Sheet Pan Salmon and Potatoes: A Nutritious Delight
Time: 10 minutes prep, 25 minutes cooking
Cooking Time: 25 minutes
- 4 salmon fillets
- 1 lb small red potatoes, halved
- 1 lb asparagus spears
- 1 lemon, sliced
- 3 cloves garlic, minced
- 2 tablespoons olive oil
- 1 teaspoon dried oregano
- Salt and pepper to taste
- Fresh dill for garnish
- Preheat your oven to 400°F (200°C). Line a baking sheet with parchment paper or lightly grease it.
- In a large bowl, combine the halved red potatoes, minced garlic, olive oil, dried oregano, salt, and pepper. Toss to coat evenly.
- Spread the potatoes evenly on the baking sheet, leaving space for the salmon and asparagus.
- Bake the potatoes for 15 minutes, or until they start to soften.
- Season the salmon fillets with salt, pepper, and a squeeze of lemon juice.
- Push the partially cooked potatoes to one side of the baking sheet and place the salmon fillets on the other side. Lay lemon slices on top of the salmon.
- Bake for an additional 10 minutes.
- In the same bowl used for the potatoes, toss the asparagus with a little olive oil, salt, and pepper.
- Add the asparagus to the baking sheet beside the salmon and potatoes.
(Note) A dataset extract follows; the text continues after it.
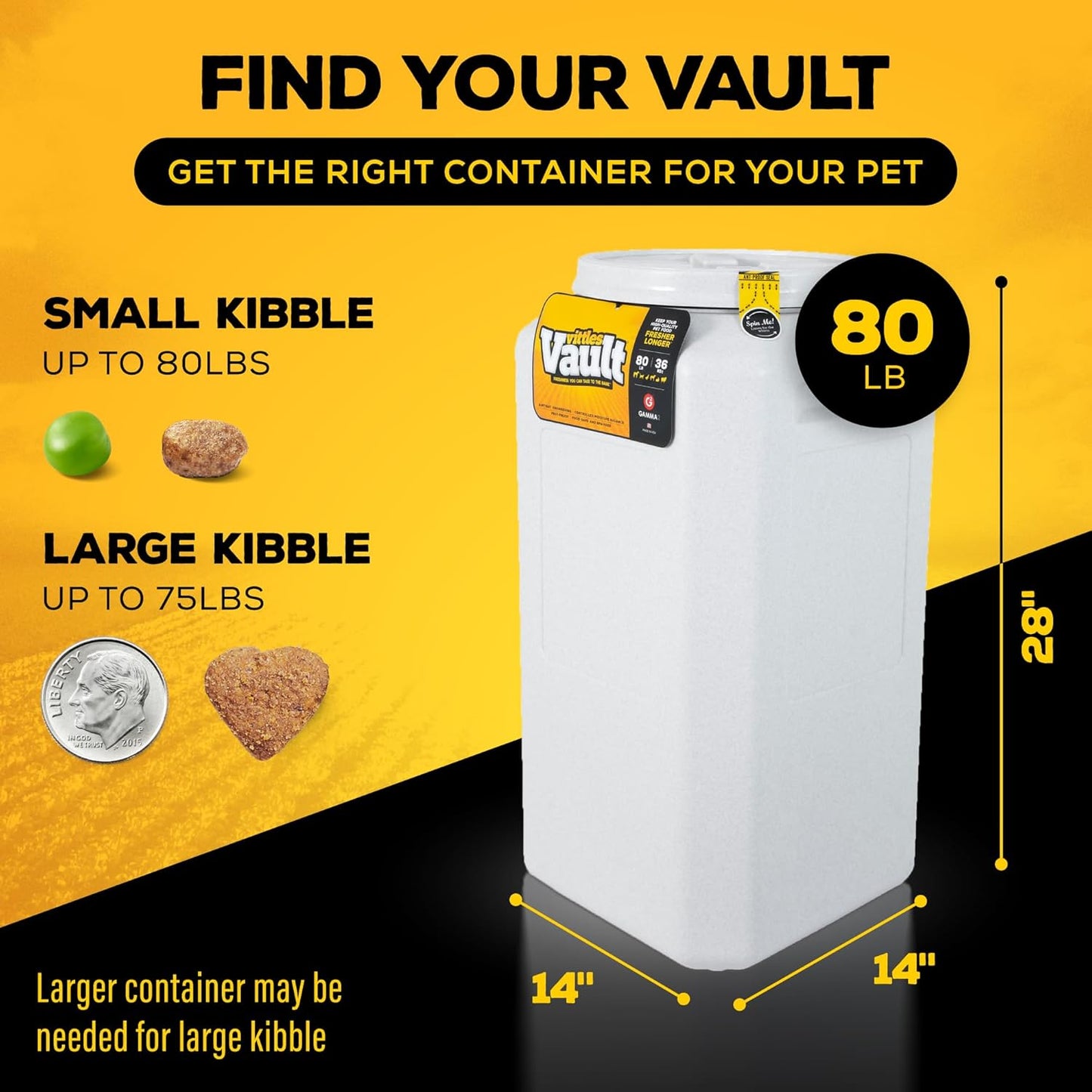Gamma2 Vittles Vault Pet Food Storage Containers - Sealed Dog and Cat Food Storage Container, Fits up to 25lbs, Made in the USA - [12"L x 13.75"H]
Return to the oven for 10-15 more minutes, or until the salmon is cooked through and the asparagus is tender.
- Garnish with fresh dill and serve immediately.
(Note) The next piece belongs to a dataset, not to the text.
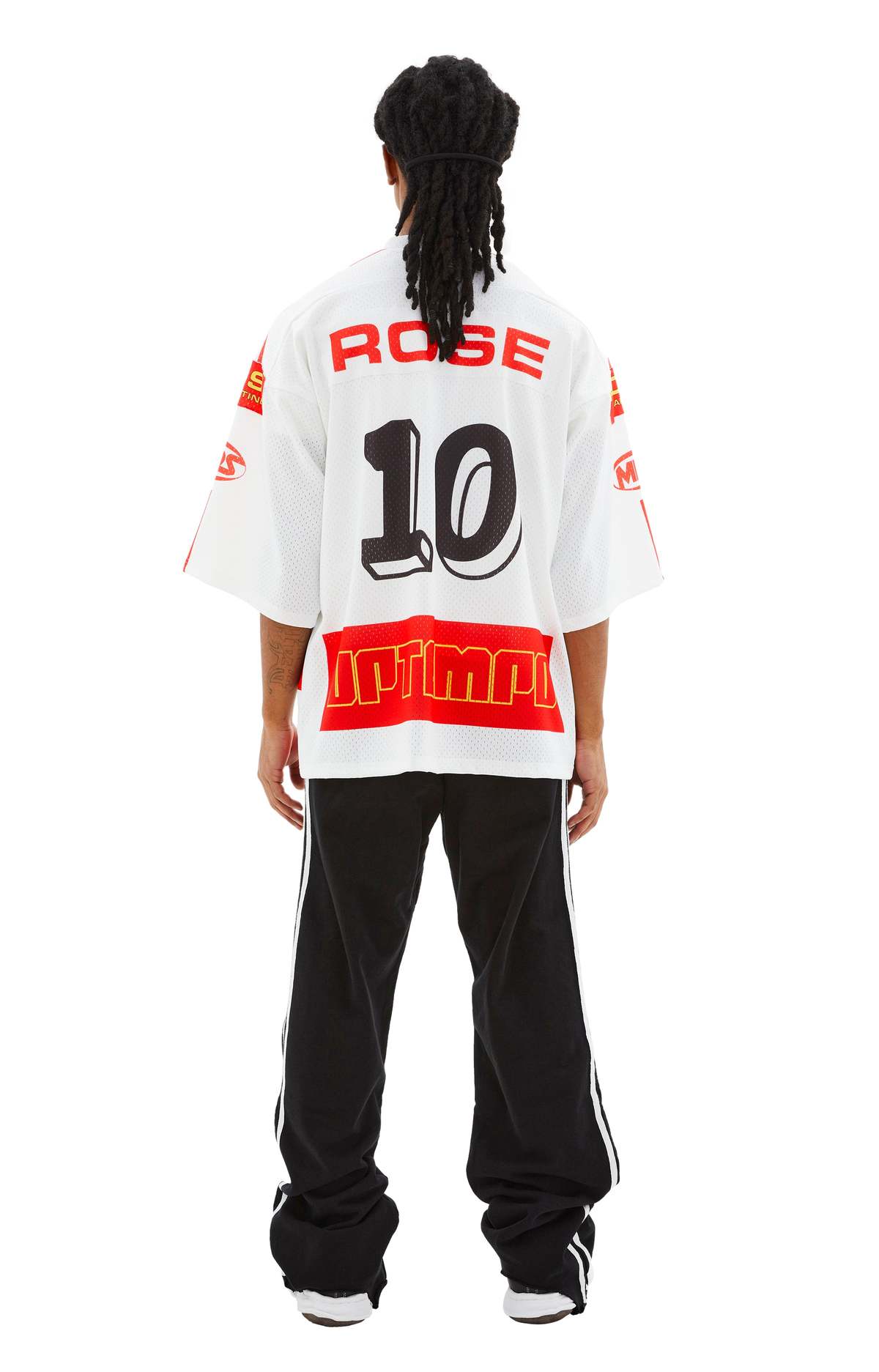 Martine Rose Oversized Football Top - White/Red | Garmentory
Note: Nutrition information is approximate and may vary based on specific ingredients used.
- Calories: 350
- Protein: 29g
- Carbohydrates: 20g
- Fat: 18g
- Fiber: 4g
- Customize this dish with your favorite seasonings and herbs.
- Opt for wild-caught salmon for an extra boost of omega-3 fatty acids.
- Please be aware of individual allergies when using this recipe. Check the ingredients and ensure they are safe for all diners.